Pitched as Die Hard in a football stadium, the movie stars Dave Bautista as Michael Knox, an ex-soldier who is attending the match between the Hammers and Dynamo with Danni (Lara Peake), the daughter of a fallen comrade. When he notices something suspicious in the crowd, though, it becomes apparent that a band of Russians are set on wreaking havoc: they plan to hold the stadium hostage and bargain the 35,000 people at risk in exchange for a political ransom. Before you can say “Where’s Bruce Willis?”, Danni has done a runner, leaving Uncle Mike to hang out with a troublemaking boy – and Knox is torn between finding her and saving the lives of everyone inside the stadium.
With such a knowingly daft starting point, it’s a shame that the film doesn’t quite relax enough into the silliness to let the audience join in the joke; everything is delivered with the straightest of faces, closer to Olympus Has Fallen than Die Hard. But there’s more originality in this knockabout thriller than the whole of Olympus Has Fallen.

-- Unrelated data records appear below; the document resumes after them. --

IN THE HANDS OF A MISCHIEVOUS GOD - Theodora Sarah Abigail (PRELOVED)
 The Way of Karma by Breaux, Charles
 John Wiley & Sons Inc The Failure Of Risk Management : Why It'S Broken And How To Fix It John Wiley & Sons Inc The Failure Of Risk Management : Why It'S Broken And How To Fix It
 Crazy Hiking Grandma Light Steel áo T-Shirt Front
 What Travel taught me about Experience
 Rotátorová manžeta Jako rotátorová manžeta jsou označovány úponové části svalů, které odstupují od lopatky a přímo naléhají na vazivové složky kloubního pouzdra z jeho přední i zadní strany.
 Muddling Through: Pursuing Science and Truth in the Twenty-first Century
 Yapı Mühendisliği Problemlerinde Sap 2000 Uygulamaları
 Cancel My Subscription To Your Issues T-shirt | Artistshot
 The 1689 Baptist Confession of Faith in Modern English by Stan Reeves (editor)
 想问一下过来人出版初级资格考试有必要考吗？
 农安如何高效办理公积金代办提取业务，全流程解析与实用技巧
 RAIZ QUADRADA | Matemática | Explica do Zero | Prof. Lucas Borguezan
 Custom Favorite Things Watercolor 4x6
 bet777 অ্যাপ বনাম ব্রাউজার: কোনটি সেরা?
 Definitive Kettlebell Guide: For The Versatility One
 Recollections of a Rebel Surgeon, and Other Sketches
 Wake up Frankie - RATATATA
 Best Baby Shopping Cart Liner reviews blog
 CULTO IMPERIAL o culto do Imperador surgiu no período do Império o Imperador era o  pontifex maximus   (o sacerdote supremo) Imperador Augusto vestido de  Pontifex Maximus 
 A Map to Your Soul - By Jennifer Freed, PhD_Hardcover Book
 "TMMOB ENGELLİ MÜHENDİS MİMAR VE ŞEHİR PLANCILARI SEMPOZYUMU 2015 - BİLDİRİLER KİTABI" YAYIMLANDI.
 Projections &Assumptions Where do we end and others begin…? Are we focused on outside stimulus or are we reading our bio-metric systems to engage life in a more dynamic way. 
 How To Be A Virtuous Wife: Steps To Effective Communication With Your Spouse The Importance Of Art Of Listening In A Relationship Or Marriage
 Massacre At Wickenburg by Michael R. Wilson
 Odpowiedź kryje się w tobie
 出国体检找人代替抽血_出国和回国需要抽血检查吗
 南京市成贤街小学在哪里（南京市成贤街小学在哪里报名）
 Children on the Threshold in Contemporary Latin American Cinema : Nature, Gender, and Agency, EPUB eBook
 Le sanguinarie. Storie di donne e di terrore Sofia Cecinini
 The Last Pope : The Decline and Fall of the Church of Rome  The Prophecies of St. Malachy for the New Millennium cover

That’s partly thanks to the cast. Lara Peake and Bautista sell their bond convincingly, even if Pierce Brosnan as the elusive Dimitri is a little too far-fetched to believe. Are importantly, though, director Scott Mann knows how to make the most of his unique setting. He throws the action around every conceivable part of Upton Park: motorbikes race past food courts in the concourse, people flee from bad guys by sneaking under flags in the crowd, and Dave Bautista jumps around the roofs with a gun.
There’s more to a decent Die Hard knock-off than nifty set pieces, though, and it’s here that Final Score misses the net: no matter how grizzled Bautista’s punch-ups get, the bad guys sadly struggle to leave much of an impression, despite Ray Stevenson’s presence as Arkady. Fortunately, that void is filled somewhat by Amit Shah, who steals the whole show as Faisal, a well-meaning steward who gets caught up in the action. The result is hardly a classic, but with his comic relief, Bautista’s physical clout and a strong sense of location, this likeable British thriller knows a thing or two – and not just the difference between soccer and football.